- INPUT DATA:
★ ★ ★ ★ ★ ★ ★

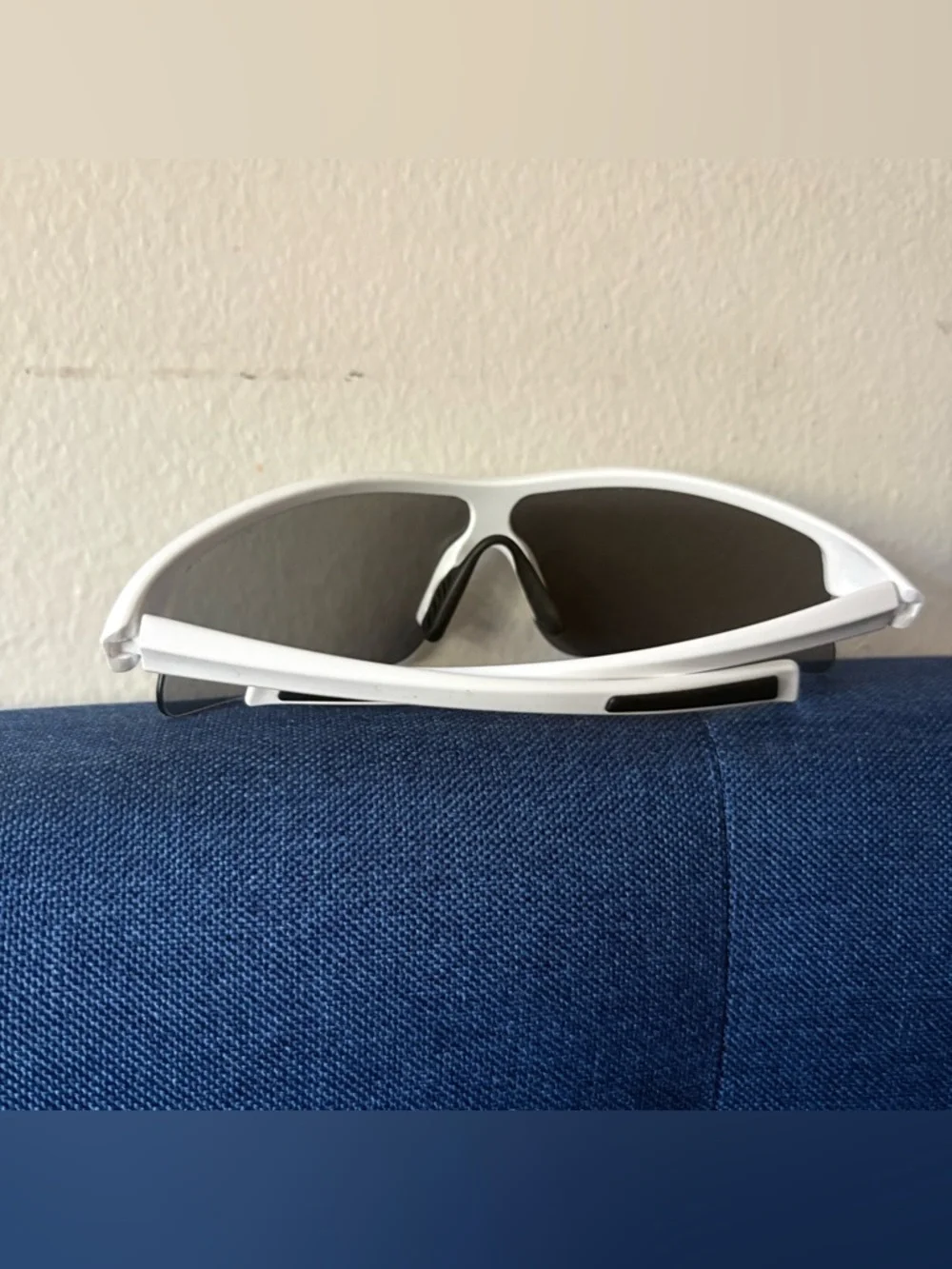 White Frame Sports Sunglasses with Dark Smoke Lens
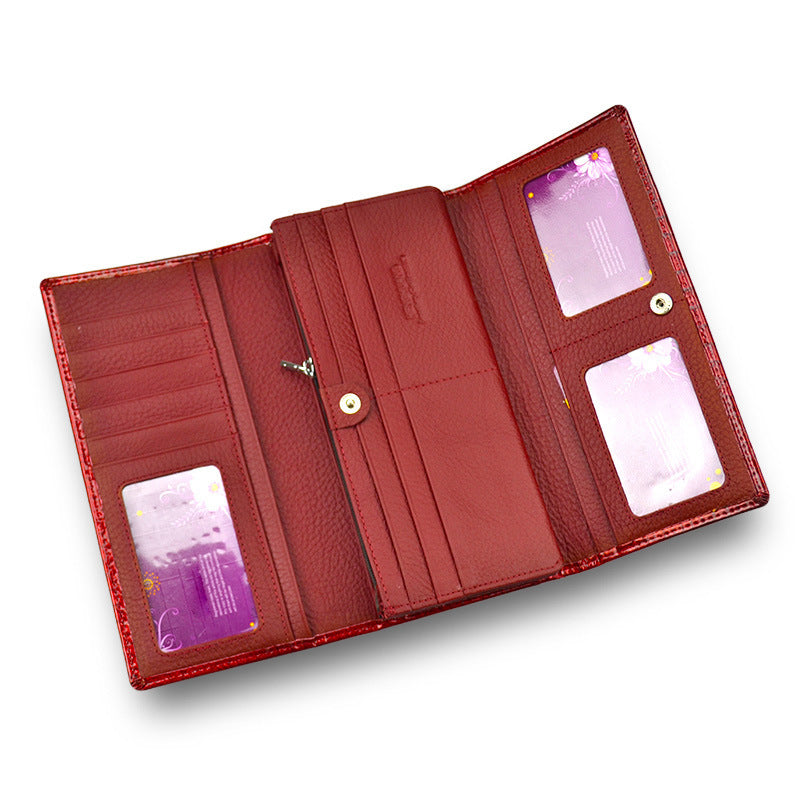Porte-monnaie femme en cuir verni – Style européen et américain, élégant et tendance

★ ★ ★ ★ ★ ★ ★

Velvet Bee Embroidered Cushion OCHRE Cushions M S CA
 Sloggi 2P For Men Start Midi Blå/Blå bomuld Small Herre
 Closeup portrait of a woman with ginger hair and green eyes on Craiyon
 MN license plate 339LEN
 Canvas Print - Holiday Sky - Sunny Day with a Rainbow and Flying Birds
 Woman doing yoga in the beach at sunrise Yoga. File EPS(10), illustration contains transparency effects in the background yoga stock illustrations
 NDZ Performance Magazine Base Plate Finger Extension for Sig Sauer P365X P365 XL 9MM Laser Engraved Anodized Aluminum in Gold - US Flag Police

★ ★ ★ ★ ★ ★ ★

- ASSIGNMENT: In the records above, find the line with "White Frame Sports" and the line with "Porte-monnaie femme en"; please transcribe exactly those two lines and all lines between them, omitting any picture.

- RESULT:
 White Frame Sports Sunglasses with Dark Smoke Lens
Porte-monnaie femme en cuir verni – Style européen et américain, élégant et tendance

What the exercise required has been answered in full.